@downtide Thank you for that. However, there is a difference from simply being inebriated and alcoholism; one can be inebriated without being an alcoholic.
@JLeslie *_I think what happens is the person doesn’t believe they are going to get sick when they start out, and then after a few drinks loses their judgement on how much is too much and continues to drink when they should stop. _*I can see them going out not knowing exactly how booze work, so they drink too much unintended and get s*** faced drunk. Having learned that, they go out and do it again to the same result. Then where they should have learned they go out and keep doing it. That is like someone running around with a paper bag over their head and not learning they will keep running into the wall because they can’t see.
@flutherother … the shared experience of getting drunk is a bonding experience. Better than a round of golf, a game of billiards or bowling or a nice game of chess? If so, why? What makes it a better bonding vehicle?
@unused_bagels Haven’t seen you in a long while, was wondering about you. Happy to see you are still around.
Why do people masturbate when they could be doing something constructive, or read fiction when they could be learning something? Being inebriated, to an extent (as in, before you’re gut-wrenchingly, falling-down drunk), is enjoyable. It puts you out of control of and out of touch with your earthly self. First part, if I groom my dumbstick, read a book, shoots some hoops it may not be constructive but as soon as I stop I am back to being a fully functional, unimpaired me. If I were drinking (snorting, injecting, or popping something) I would still be impaired for who knows how long after I stopped. Second, what is the great part of being impaired or out of control? You would not try and drive that way knowingly. I said you can use my car but you can’t steer it or it stops when it feels like it, you would not care to drive it. Why would I think less of my body than a car I might drive?

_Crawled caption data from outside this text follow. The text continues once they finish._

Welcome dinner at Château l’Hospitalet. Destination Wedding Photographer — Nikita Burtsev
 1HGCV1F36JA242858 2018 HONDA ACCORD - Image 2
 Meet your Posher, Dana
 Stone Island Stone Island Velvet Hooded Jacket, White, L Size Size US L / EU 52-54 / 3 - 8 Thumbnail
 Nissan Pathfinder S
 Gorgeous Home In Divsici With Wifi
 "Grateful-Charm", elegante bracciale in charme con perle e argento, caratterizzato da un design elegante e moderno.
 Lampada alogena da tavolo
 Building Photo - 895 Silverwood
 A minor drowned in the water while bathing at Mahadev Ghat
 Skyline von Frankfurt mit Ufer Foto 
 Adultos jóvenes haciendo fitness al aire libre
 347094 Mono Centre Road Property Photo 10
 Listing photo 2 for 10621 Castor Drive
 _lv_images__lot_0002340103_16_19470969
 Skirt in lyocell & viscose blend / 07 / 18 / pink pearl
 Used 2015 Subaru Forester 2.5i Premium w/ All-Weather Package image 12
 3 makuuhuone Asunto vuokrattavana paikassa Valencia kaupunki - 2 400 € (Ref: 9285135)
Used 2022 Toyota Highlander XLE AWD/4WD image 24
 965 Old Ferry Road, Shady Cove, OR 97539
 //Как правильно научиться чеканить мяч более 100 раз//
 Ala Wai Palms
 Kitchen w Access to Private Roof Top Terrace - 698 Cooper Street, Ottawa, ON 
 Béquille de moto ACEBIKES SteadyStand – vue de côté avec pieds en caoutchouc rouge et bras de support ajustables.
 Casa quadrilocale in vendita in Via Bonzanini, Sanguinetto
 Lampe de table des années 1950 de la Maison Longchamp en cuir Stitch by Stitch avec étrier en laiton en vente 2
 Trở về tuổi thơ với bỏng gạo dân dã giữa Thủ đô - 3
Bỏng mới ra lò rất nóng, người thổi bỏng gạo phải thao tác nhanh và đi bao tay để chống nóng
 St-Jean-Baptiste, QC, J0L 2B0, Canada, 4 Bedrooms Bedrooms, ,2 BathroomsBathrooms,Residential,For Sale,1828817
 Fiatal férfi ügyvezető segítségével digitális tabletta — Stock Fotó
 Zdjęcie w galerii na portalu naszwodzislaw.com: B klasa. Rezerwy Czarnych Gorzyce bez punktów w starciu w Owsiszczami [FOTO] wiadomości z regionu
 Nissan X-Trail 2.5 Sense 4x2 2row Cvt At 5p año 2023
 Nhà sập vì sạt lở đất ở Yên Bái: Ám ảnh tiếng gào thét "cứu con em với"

@dabbler Logic ? Hehehehehehehe… it’s fun and up to a point harmless. Harmless, really? Ummm….these are the things I have heard about or seen personally from people who were inebriated:
• Hitting on another’s spouse, g/f, b/f, etc.
• Punching or attempting to punch someone out because of an argument or disagreement.
• Sexually assaulting or attempting to do so because the booze gave them courage in a bottle to act out what they had in their mind.
• Destruction of other’s property, either by driving over or through it or falling through it themselves.
• Losing property that was not theirs because they can’t remember where they left it for being high or drink at the time.
• Cheating on one’s SO.
I will stop there but as you can see, it might be less harmful to the person staggering around floating on a cloud but to those his cloud is drifting over maybe not so much.
@Seelix Drinking responsibly isn’t hard for most people. Maybe you should hold classes around here then, you could clean up.
@KatetheGreat It certainly is an addiction, but I like to use it as an escape from reality. ????? (:-Q
@deni I like being drunk (a good level of drunk, not blackout drunk) because I generally float around the bar having fun, random conversations with people I’ll never see again, dancing from place to place instead of walking, and cartwheeling home. How is that not fun. Because if I used experiences I had when I was younger and tried to embrace that life with friends they would not have thought it so well. They may not have been falling over drunk but they were too drunk to see that someone was sizing them up to get them into the parking lot to roll their dumb butts for all of their money, watch, and fancy pool cues. Not to mention a good friend of mine who was going to go get high at some acquaintance she hardly knew and he lace it with something or doubled her dosage to the point she was so inebriated she could not resist as he rode her hard and put her away wet. She was not doing too much floating after that. If I am around strangers, I do not know I want to be even more on the alert less I become an easy mark.